バレそうなときは、少しだけ退けと皇帝様から、言いつけられていたので遠くから、安否確認を取っていたのですが......突然公爵家の者達が、屋敷から不気味な笑みを浮かべながら馬車で出ていったので、まさかと思い私達騎士団は、公爵邸に素早く忍び込みソフィア様を探したのです。そしたら、公爵邸の地下の薄暗い部屋で大怪我を負わされていたのです!!私達は、大切なお嬢様を護ることができなかったのです......。」
彼は、とても悲しそうな表情を見せ、今にも自害をしそうな勢いでした。
それを、私とリークで必死に宥めました。
そして、何となくわかってはいるのですが、一応聞きました。
「その傷を負わせたのは?」と。
「ソフィア様の父である公爵と後妻一家が、ソフィア様に大怪我を負わせて、右目を失明させたのです。

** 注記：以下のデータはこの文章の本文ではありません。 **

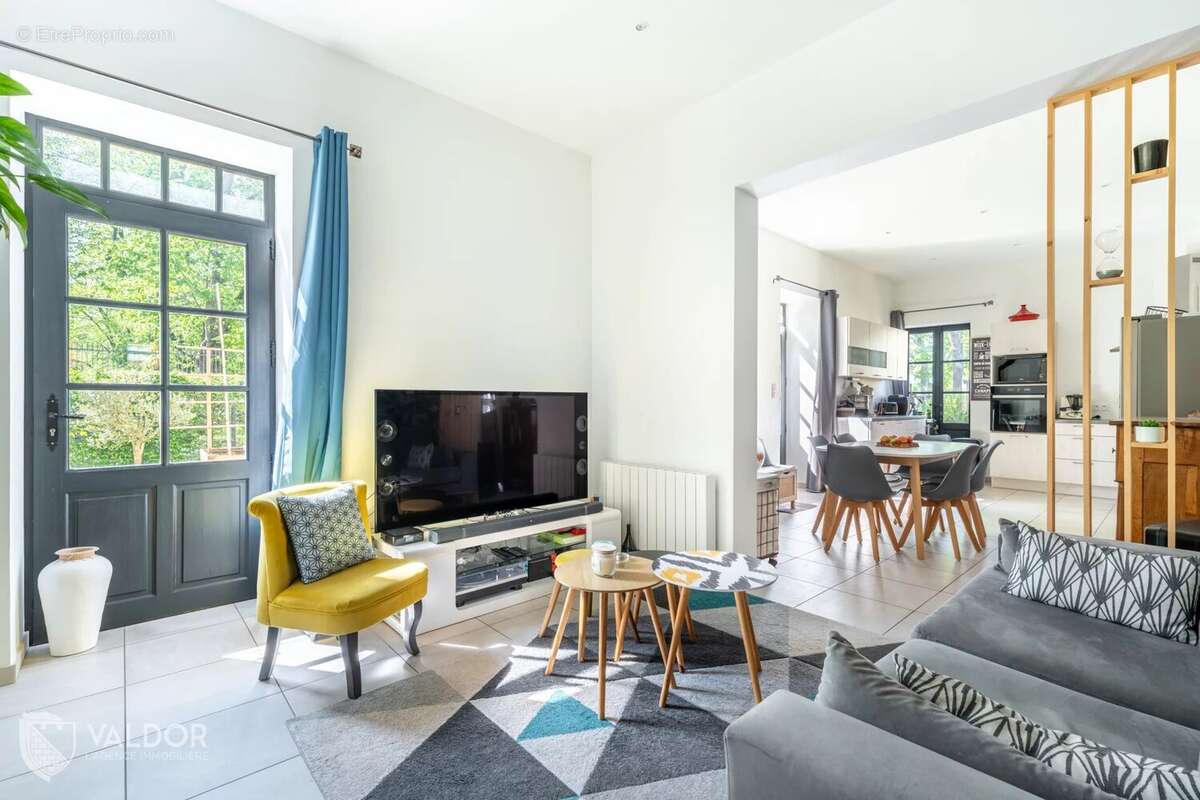 Appartement à ARNAS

現場は、証拠を消されないようにそのまま保存してあります。ちなみに、右目を失明させた凶器はこちらです。」
彼は、そう言ってこちらに、5本の鋭い棒を差し出してきました。
これが、目に......
考えただけで、“ゾッ...”とします。
よくみると、ソフィア嬢の血でしょうか?うっすらとついていますね。
まだ、小さい子どもにあいつらは、なんてことを.........
同じことリークも考えたのでしょう。
自分の手を握り潰しそうな、勢いで怒っていました。
「シュバルツさん。なら、帝国の方々が来るまで、ここに住みませんか?無理に移動をさせるとソフィア嬢も辛いでしょうから。」
すると彼は、涙を浮かべながら
「はい。しばらくの間、どうかよろしくお願いいたします。」
と、言ったのでした。
私は、「もちろん。」と答えました。
こうして、私は、黒龍騎士団の騎士団長シュバルツ・レイニーと騎士団員、次期皇妃であるソフィア・アメリア・リリアン嬢をデーヴィド帝国の方々が来るまで住まわせてあげることになったのです。